Is this the new “I use nixOS BTW”? just sneak it into a nomal conversation like nothing happened? Legend.
I’d tell all the NixOS evangelists to shut up, but they’re immutable.
Oh they are bunch of flakes alright.
Oh god… I just switched yesterday. Borked my windows partition while at it, so linux-only it is. The pain I had yesterday… Out of the box, WiFi was busted, fan curves were busted, RGB was busted, HiDPI’s is still busted, evdi is also still busted, solved surround sound just a few minutes ago. But hey, five problems solved in a day with two left to go is still much better than windows where a single damn bug in AMD software kept me going nuts for months with no fix in sight.
It gets better too.
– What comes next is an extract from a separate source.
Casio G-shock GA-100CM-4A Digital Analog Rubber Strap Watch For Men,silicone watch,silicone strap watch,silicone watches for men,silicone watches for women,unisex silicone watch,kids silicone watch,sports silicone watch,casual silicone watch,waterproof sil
I suppose it depends on your distro and hand ware mix as for what works out of the box.
Eg. my pure AMD Rog Zephyrus laptop worked with Fedora pretty much “out of the box” once I enabled 3rd party drivers.
It’s kinda like switching to stick shift— it’s touch weird, but once you’ve daily driven it a bit the system is second nature.
Huh, stangely, I too have zephyrus laptop, but it’s a duo one, with quite unorthodox display setup, too. The wifi indeed automagically started working after install, audio required some pactl trickery as it has two sets of speakers connected to separate audio outputs, evdi might require some actual coding, since there’s no way to run one of the screens without it, and both synaptics and manufacturer-provided drivers look pre-alpha and don’t even compile… For the rest, https://asus-linux.org/ is a godsend. For HiDPI, maybe got any tips? I have a small 4K main panel, and a couple of big FHD displays. It looks like my options are to either leave dpi unchanged and have everything too small on main panel, or set it to 2 and have everything too big on secondaries, or to use gnome, not sure which is worse… Is there like a daemon, that can dynamically change the window’s DPI value, like windows does, that I don’t know the name of?
I’m unsure. I use Gnome (for ease honestly) and Fedora with Wayland, so (iirc) dynamic display stuff is a wash and I haven’t even explored yet since I just use the clamshell.
I may not be the most helpful for you :/
HiDPI was painful to setup for me. What DE are you using and are you on Wayland?
I’m on awesomeWM, it’s on Xorg, but I’m not dead-locked on it, though, hoping to try hyprland some day when I have time to screw around.
I’ve been using Linux every chance I could since Red Hat 5/Mandrake 6 - available at your local Walmart for $20US for a boxed set CD. So I now have a Cheap, Cheerful, Chinese mini desktop box just to install Linux on since all my old laptops have slowly given up the ghost one by one. I’ve always been a distro hopper and I missed the exploration. I’ve been running LM with Cinnamon for the last year and really like the stability, but it’s been a few years since I looked in on Fedora. And I’m getting the itch to switch again.
I have one laptop left that is running Win11 that I needed for some specialty software and now since I’m retired, there is little to no reason to keep it that way anymore. I suppose I will need to choose a single distro for that one. Maybe Ubuntu or SuSe Tumbleweed?
It’s amazing just how easy choosing a distro and getting it up and running has become. From RTFM and spending a month trying to compile a driver get a Sound Blaster Gold sound card to work on a 486, (I still have PTSD from that dependency hell), to just 20 minutes from start to finish on a new install and everything works.
Just realized I’ve got a wide selection: Windows, MacOS, Android, and EndevourOS, and Manjaro. (I haven’t booted the Windows box in MONTHS…)
Welcome to the dark side, we have cookies (the good one, not the browser ones)
I’ve been running Linux KDE desktop only (mostly Ubuntu) since 2003, so well over 20 years, only reason to look at windows was either work, or family who again for the nth time had a forked up windows install
Yep. It’s been getting slightly more unstable recently too.
Forked? Like Atlas and Ghostspectre?